Section titled “Phase 5: Context Augmentation & LLM Generation”
const context = similarDocs
.map((doc) => `- ${doc.content} (Source: ${doc.source})`)
.join('\n');
const prompt = `
You are a domain expert assistant.
Use the following reference documents:
---
${context}
---
To answer: "Why is '${reason}' an important assessment criterion?"

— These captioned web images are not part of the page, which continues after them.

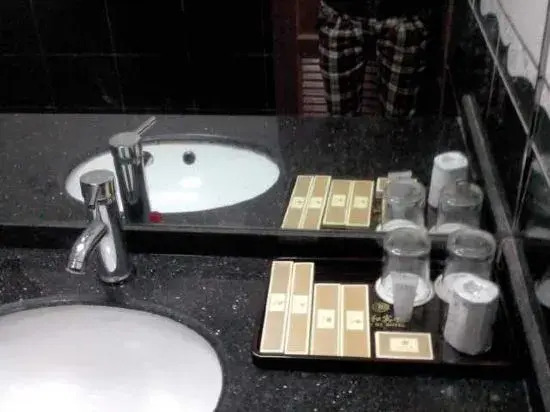 Tianhe Hotel (Wenshan Qihua Square Branch)
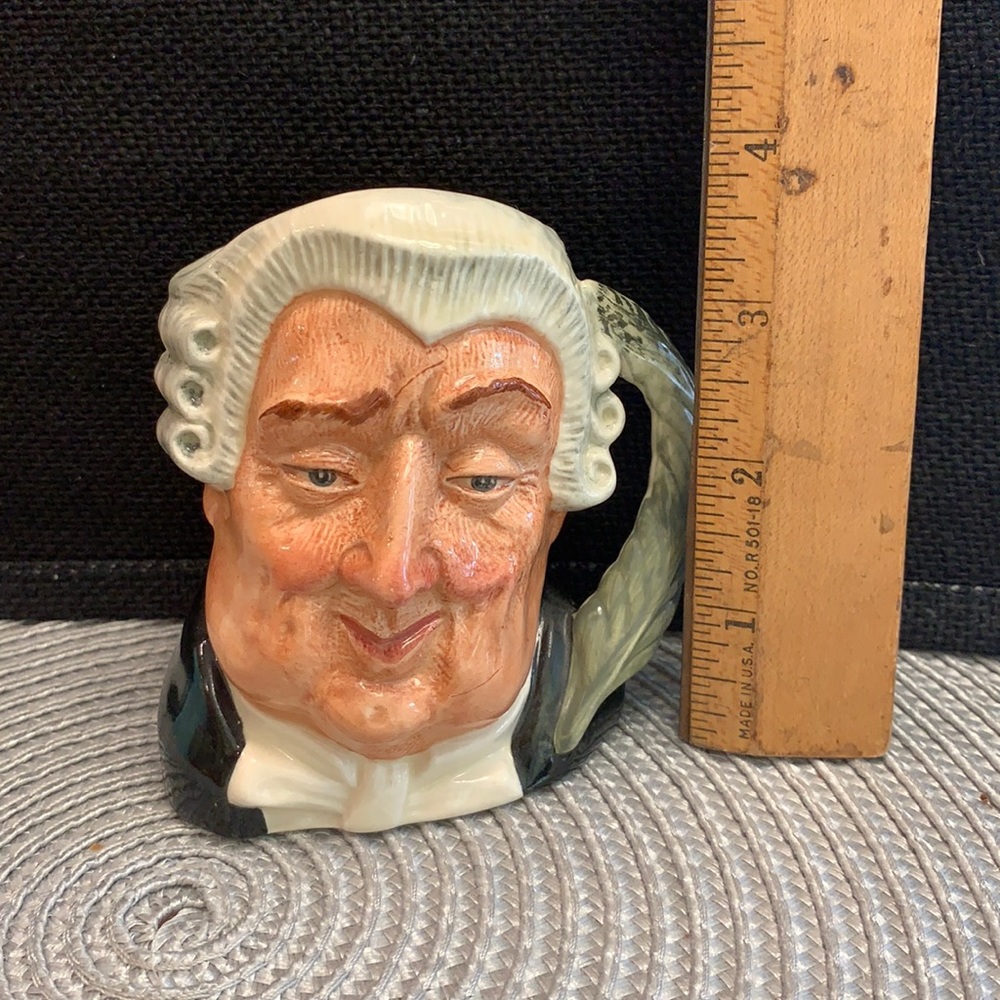 Royal Doulton Toby mug The Lawyer - 3 1/2
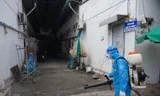 Phun xịt khử khuẩn nơi ở có người mắc COVID-19 (ảnh: HCDC)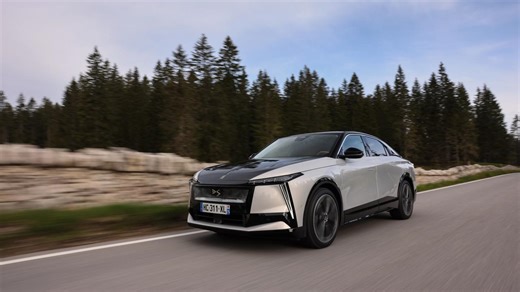 Výnimočný dojazd vlajkovej lode DS N°8 na diaľniciach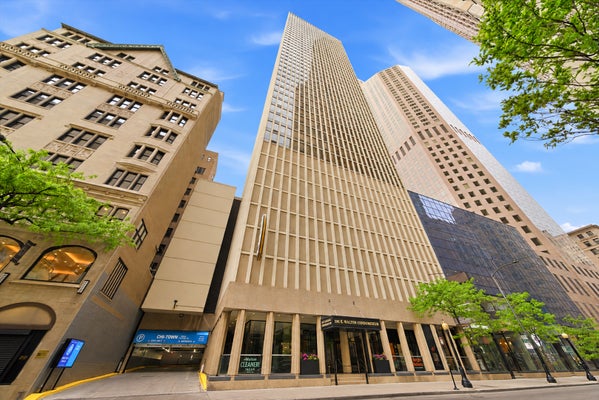100 E WALTON ST APT 42B, CHICAGO, IL 60611 - Image b33e6942aa8aaf91ed7f055fa93becbb/1967391189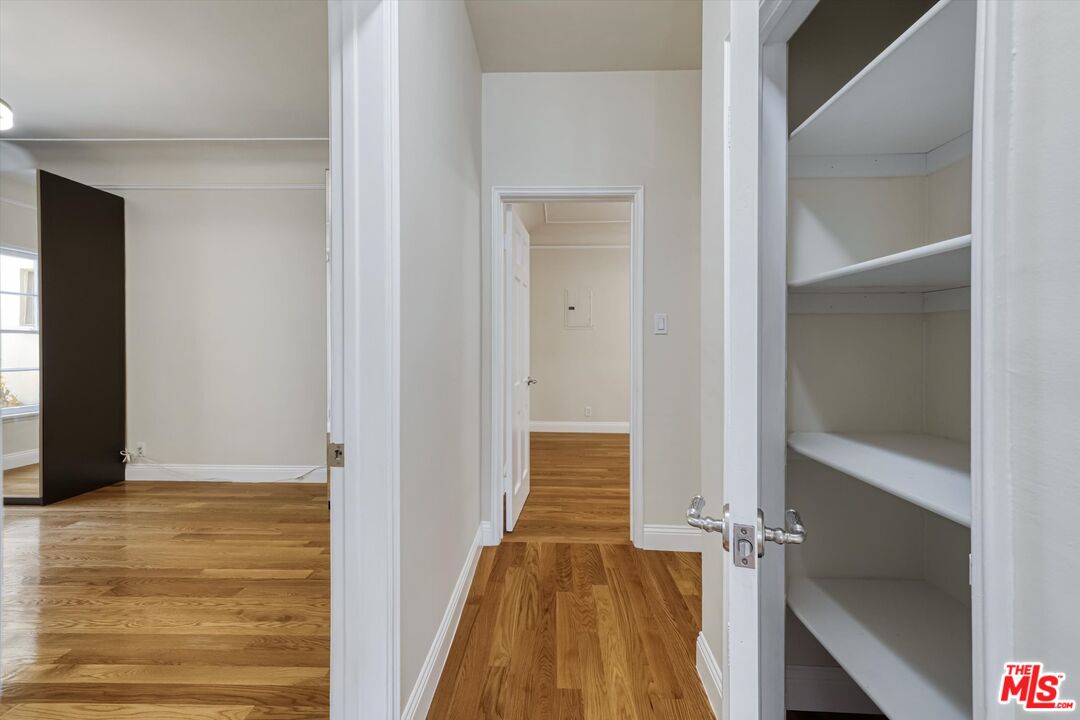 9945 Robbins Dr Unit: 101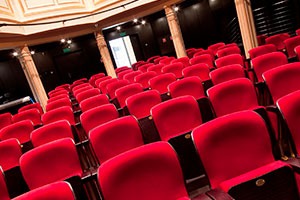 Oscar Teater, Biograf og Konferencestol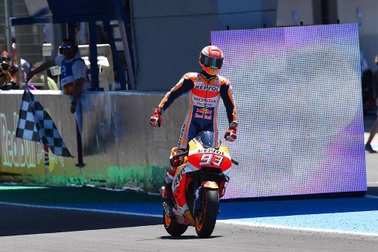 Chặng 2 MotoGP 2019: Marquez thắng dễ dàng tại Argentina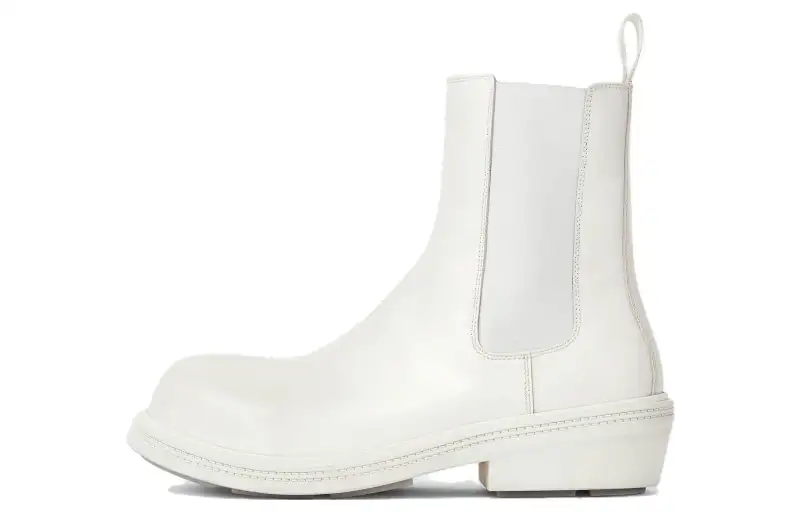 Bottega Veneta Fireman Chelsea Short Chelsea Boots Men's White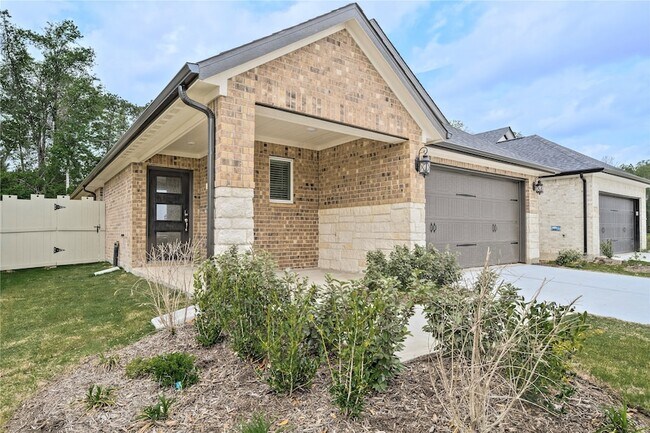 Building Photo - 17502 Rosette Grass Dr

Provide a concise, evidence-based answer and cite sources.
`;
  • Prompt sent to Ollama with temperature: 0.3 (factual responses) and max_tokens: 1000
  • Gemma 3:4b generates an evidence-based explanation grounded in the retrieved documents

Example Response:

Elevated systolic pressure is a critical assessment criterion because:
1. Safety threshold: Readings above 180 mmHg indicate a potential emergency
requiring immediate evaluation (Clinical Assessment Guidelines v4).
2. Compound risk: When combined with other indicators (e.g., chest discomfort),
it signals cardiovascular involvement requiring escalation (Emergency Response Standards).
3. Measurement accuracy: Correct measurement procedure is essential to
ensure decisions are reliable (Assessment Standards Manual).